The G2 + Databricks integration enables Databricks customers to access G2 Buyer Intent, Reviews, and Market Intelligence data through Databricks Delta Sharing.
Basics of the G2 + Databricks integration
About Databricks Delta Sharing
G2 shares datasets with Databricks customers using Databricks-to-Databricks Delta Sharing.
Before data can be shared, G2 must configure access for your organization using your Databricks sharing identifier.
Once access is configured, you can mount shared datasets to a catalog and query them from your Databricks workspace.
Understanding how G2 data is delivered
G2 publishes datasets to Databricks and shares them using Delta Sharing.
The sharing workflow consists of the following stages:
| Stage | Description |
|---|---|
| Share configuration | G2 configures a share and grants access to your organization |
| Access configuration | Your organization provides a sharing identifier to G2 |
| Share access | Shared datasets become available through Delta Sharing |
| Catalog mounting | Shared datasets are mounted to a catalog in your Databricks workspace |
| Querying | Shared datasets can be queried from Databricks |
Shared datasets are read-only and accessed through Databricks Delta Sharing.
G2 is not responsible for Databricks compute costs associated with querying shared datasets.
Available datasets
G2 currently shares the following datasets through Databricks:
- Buyer Intent
- Reviews
- Market Intelligence
Refer to the following documentation for dataset schemas and field definitions:
Databricks datasets are refreshed daily after the Snowflake refresh completes at 10:00 AM UTC.
Historical data is included when access is first provisioned.

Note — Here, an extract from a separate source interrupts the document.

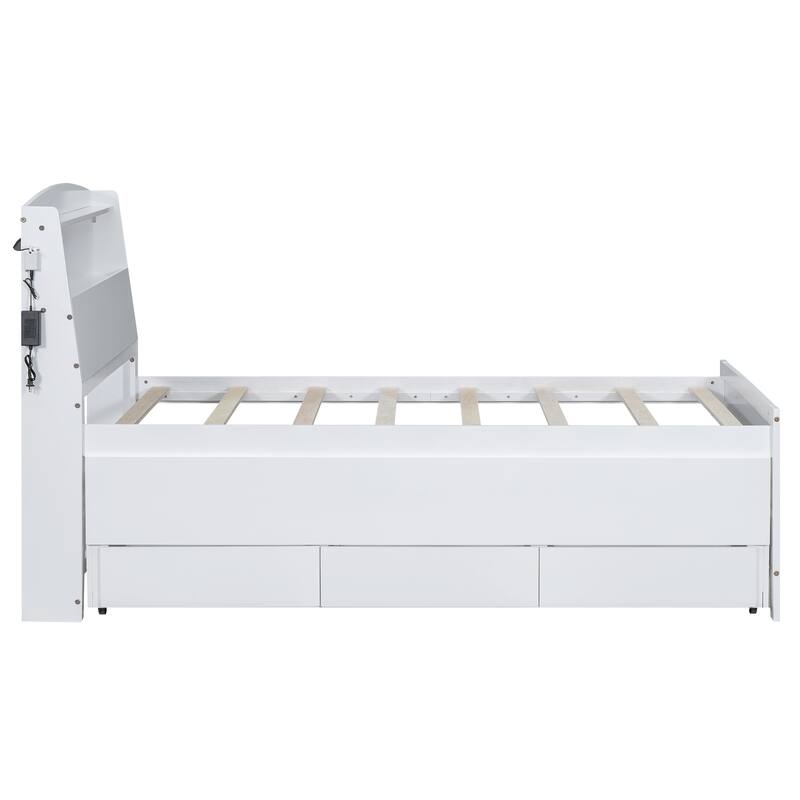 Twin Size Platform Bed with LED Headboard, Twin Trundle, and 3 Drawers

Providing your sharing identifier
Before G2 can configure access to shared datasets, provide your Databricks sharing identifier to your G2 representative.
The sharing identifier uniquely identifies the Unity Catalog metastore attached to the Databricks workspace where users will access shared data.

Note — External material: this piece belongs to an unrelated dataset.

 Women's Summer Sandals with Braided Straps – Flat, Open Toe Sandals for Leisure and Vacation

The sharing identifier uses the following format:
<cloud>:<region>:<uuid>
Example:
aws:eu-west-1:b0c978c8-3e68-4cdf-94af-d05c120ed1ef
You can retrieve the sharing identifier in one of the following ways:
Using SQL
Run the following command in a Databricks notebook:
SELECT CURRENT_METASTORE()
Using the Databricks UI
Open Catalog.
Open Delta Sharing.
On the Shared with me tab, select your Databricks sharing organization.
Copy the sharing identifier.
After receiving your sharing identifier, G2 configures access to the appropriate shared datasets.
Accessing shared datasets
After G2 configures access, shared datasets become available in Databricks Delta Sharing.
To view and mount shared datasets, your Databricks account must have the required Delta Sharing permissions.
For more information, refer to the Databricks documentation: Read data shared using Databricks-to-Databricks Delta Sharing (for recipients).
To mount a shared dataset:
- Open Catalog to open Catalog Explorer.
- Select the gear icon and choose Delta Sharing.
Alternatively, select Share > Delta Sharing.
- On the Shared with me tab, select the provider.
- Find the desired share and select Mount to catalog.
- Select Create a new catalog or Mount to existing catalog.
- Enter a catalog name or select an existing catalog.
- Select Create or Mount.
After the share is mounted, verify that the shared tables are available in the selected catalog.